Problem requirements: All lines below starting at the one that holds "Sao Jose da" and ending at the one that holds "Powerpuff Bustin Thru" should be printed exactly, ends included. Pictures should not be printed, nor anything else.

Provided data:
^^^^^^^^^^^^^^^^

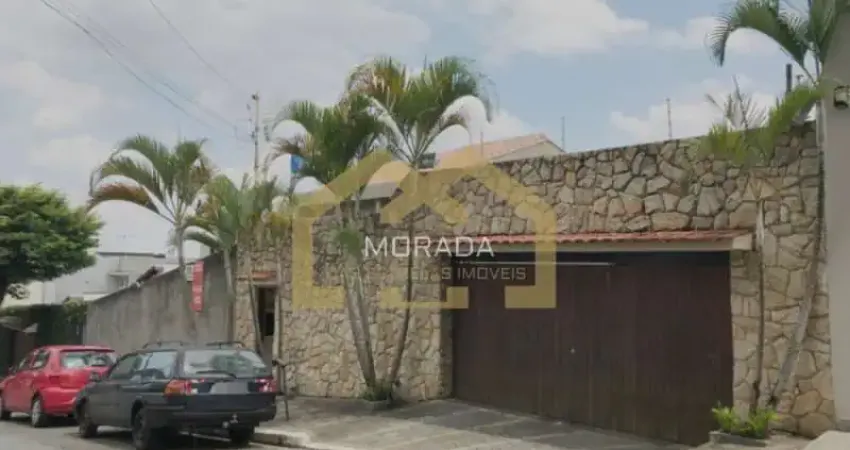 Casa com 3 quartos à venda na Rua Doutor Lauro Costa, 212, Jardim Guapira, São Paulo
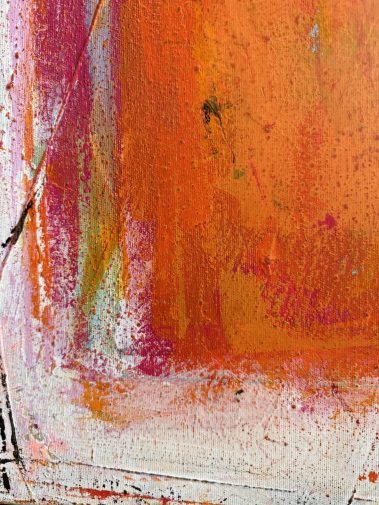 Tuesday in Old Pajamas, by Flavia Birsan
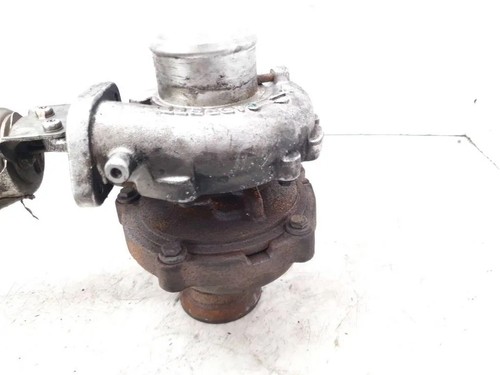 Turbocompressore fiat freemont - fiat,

^^^^^^^^^^^^^^^^

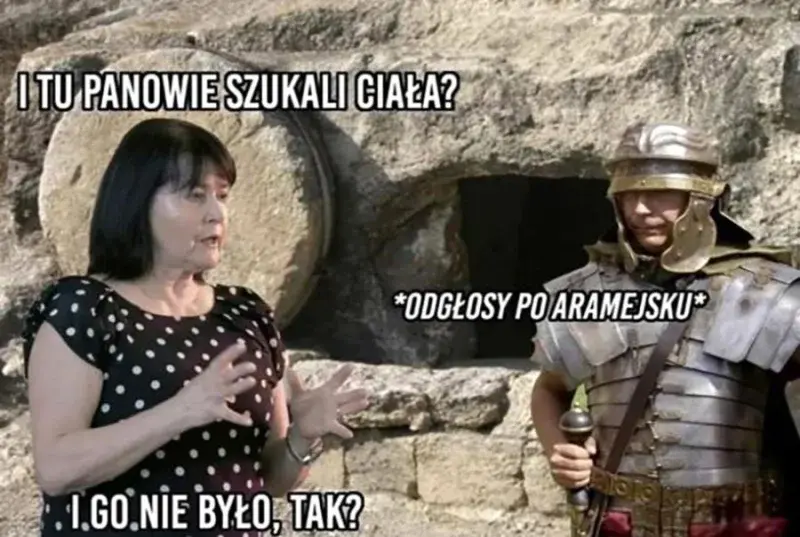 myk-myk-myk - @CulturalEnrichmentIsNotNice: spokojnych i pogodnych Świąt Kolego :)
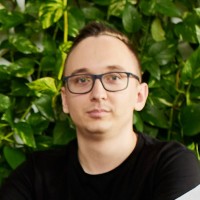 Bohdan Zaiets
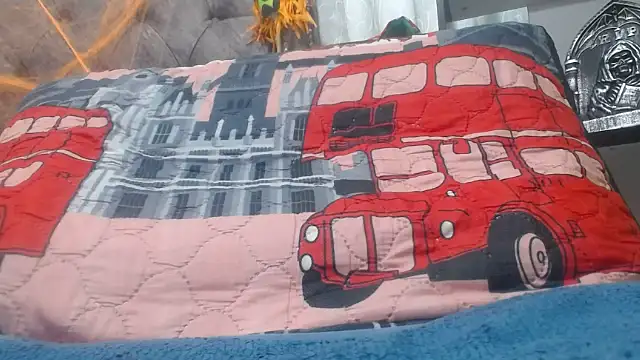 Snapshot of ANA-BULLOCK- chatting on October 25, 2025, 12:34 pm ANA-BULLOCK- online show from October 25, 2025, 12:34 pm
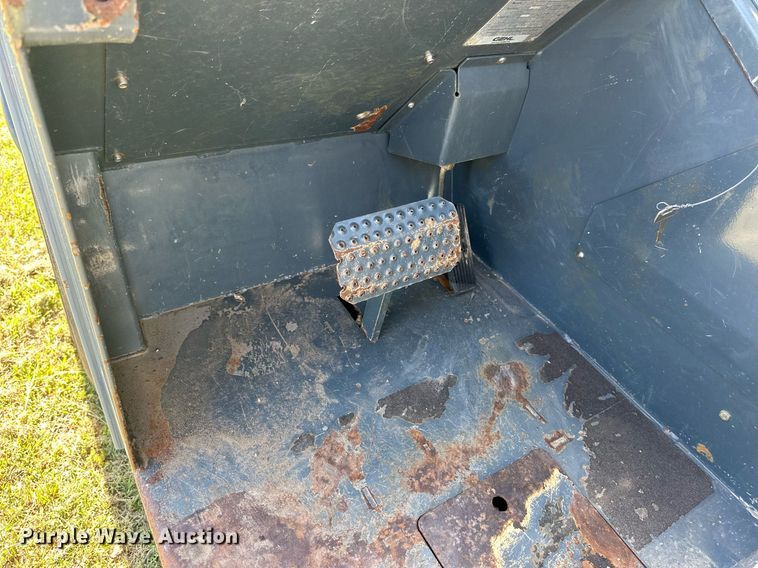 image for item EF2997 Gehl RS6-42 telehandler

^^^^^^^^^^^^^^^^

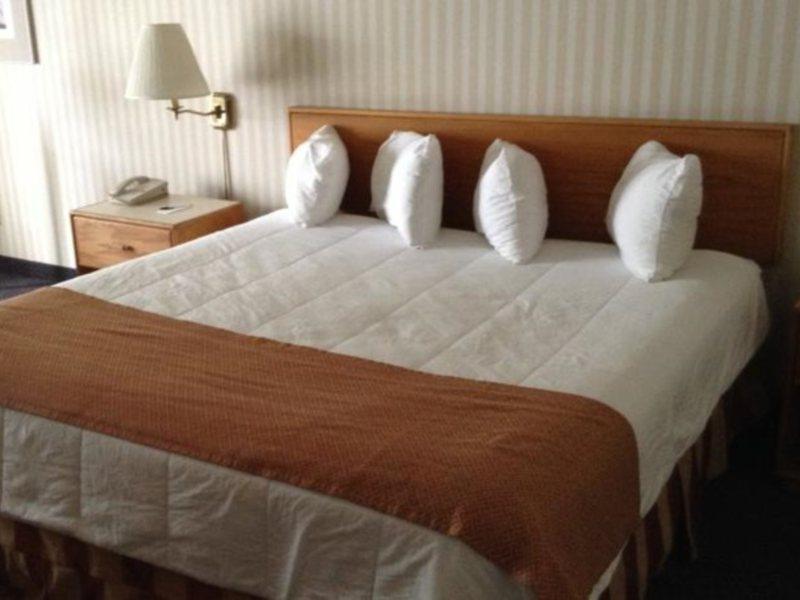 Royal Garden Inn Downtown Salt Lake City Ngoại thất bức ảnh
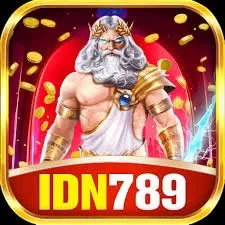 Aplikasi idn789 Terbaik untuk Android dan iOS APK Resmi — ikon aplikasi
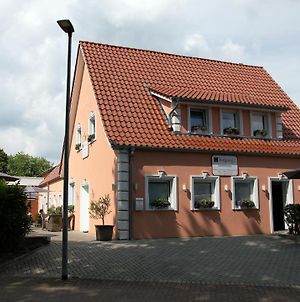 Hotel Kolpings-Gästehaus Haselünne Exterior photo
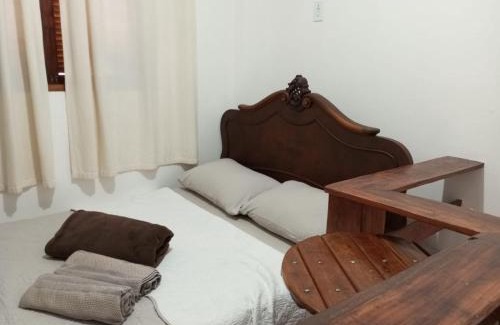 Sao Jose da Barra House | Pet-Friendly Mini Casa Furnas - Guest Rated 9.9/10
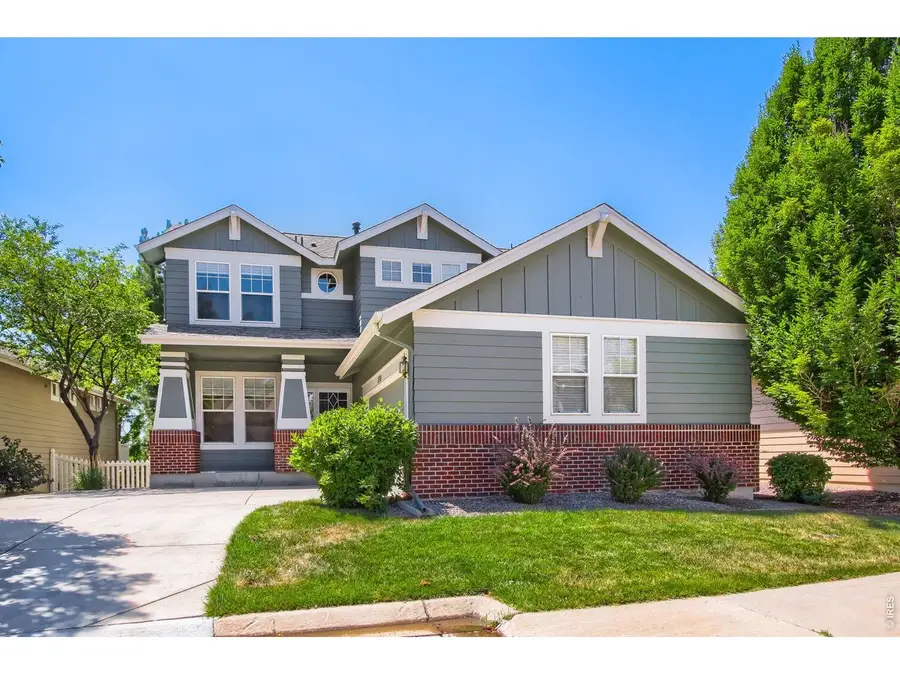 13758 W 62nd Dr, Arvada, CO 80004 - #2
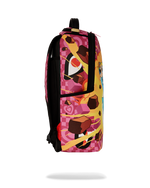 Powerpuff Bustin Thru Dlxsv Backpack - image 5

^^^^^^^^^^^^^^^^

Output for this task:
 Sao Jose da Barra House | Pet-Friendly Mini Casa Furnas - Guest Rated 9.9/10
 13758 W 62nd Dr, Arvada, CO 80004 - #2
 Powerpuff Bustin Thru Dlxsv Backpack - image 5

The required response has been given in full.